Sift together your powdered sugar and almond flour, twice. Set aside.
Whisk together the egg whites and granulated sugar in a heatproof bowl over a double boiler. Whisk for about 2 minutes, until the sugar dissolves. You can tell it is ready when you pull the whisk up and touch the mixture with your fingers, you shouldn't feel any granules. Do not let the bowl touch the water or it will cook the eggs
Pour the mixture into the bowl of a stand mixer, fitted with the whisk attachment.
Whisk on low speed for 30 seconds, it should begin to foam. Increase the speed to medium for 2 minutes, until it becomes white and fluffy
Increase the speed to medium-high, it should turn glossy and when you stop the mixer and pull the whisk out, you should have a stiff peak at the end of the whisk which only slightly bends at the end. This is how you know it is ready. This can take 4-5 minutes
Pour in the powdered sugar/almond mixture as well as your vanilla and food coloring
Gently fold them all together. Continue to fold and press the batter against the sides of the bowl. It is ready when it flows like lava from the rubber spatula, and you can make a figure 8 in the air without the batter breaking.

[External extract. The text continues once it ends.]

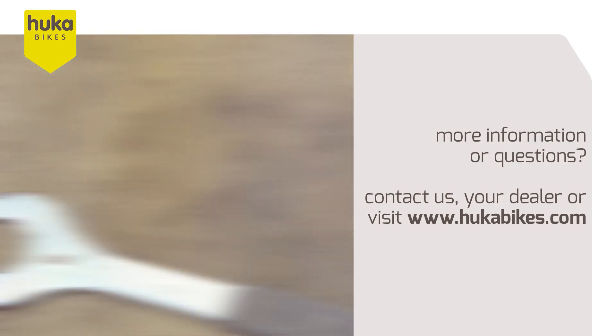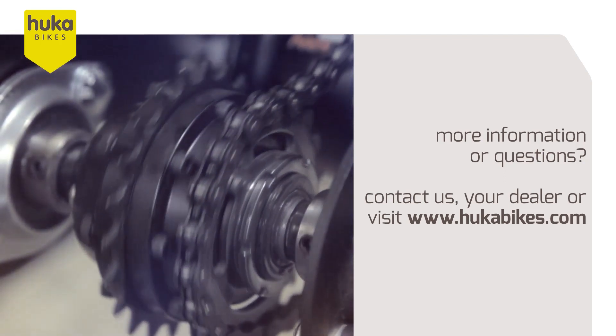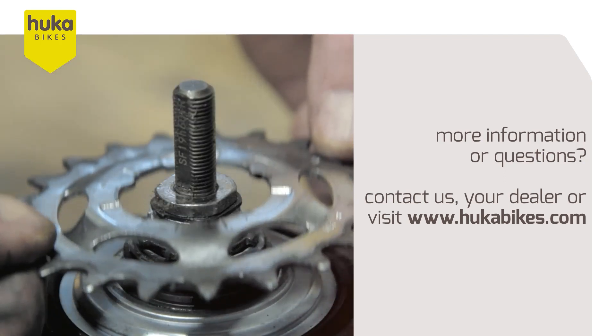Do you want more information or do you have questions? Contact us, one of our selling points, or visit www.hookabikes.com.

Carefully transfer the batter into a piping bag with a medium circular tip
Pipe out 72 macaron shells, piping at a 90 degree angle. Once they have all been piped out, bang each tray twice on your counter. Use a toothpick to pop any remaining air bubbles.
Let them sit at room temperature for 30 minutes until they form a skin
eat your oven to 325°F/162°C. Bake them one tray at a time for 15-17 minutes. Let them cool completely.
Caramel
Take a small saucepan and place it on your stove over medium heat. Add the sugar ¼ cup at a time, letting the sugar dissolve completely until you add the next ¼ cup.

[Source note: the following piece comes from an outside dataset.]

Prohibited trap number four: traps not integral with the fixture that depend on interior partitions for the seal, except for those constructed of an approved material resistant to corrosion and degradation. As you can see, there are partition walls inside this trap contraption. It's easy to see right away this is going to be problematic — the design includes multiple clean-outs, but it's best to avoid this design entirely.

Stir occasionally until the sugar has completely dissolved and turns a dark amber colour. Turn the heat off.
Add the butter in a piece at a time, be careful as it may sputter! Stir with a heatproof spatula as you add the butter. Stir in the cream, salt, and vanilla. Let cool until it is very thick.
Buttercream
Sift your powdered sugar and set aside.
In a stand mixer with the whisk attachment, whisk the butter for 2 minutes, until smooth
Add in the vanilla extract, caramel and salt. Beat together for 30 seconds
While the mixer is running on a low speed, slowly pour in half of the powdered sugar. Then add in your heavy cream. Add the rest of the sugar.
Increase the speed to medium-high and beat until fluffy, about 3 minutes
Transfer to a piping bag and pipe a dollop on half of the macaron shells. I made a ring around half of the shells, then piped out salted caramel in the middle.
Let the macarons rest overnight in your fridge
Notes
US Cups: I do not include cup measurements for this recipe, as you do need to be precise when making macarons. Aged Egg Whites: If you want to age your egg whites (not a requirement but it can help!), separate your egg whites 24 hours before and place in a bowl in the fridge. Take them out 2 hours before making your macarons so they can come to room temperature.Storage: Keep your macarons in a container in the fridge for up to one week.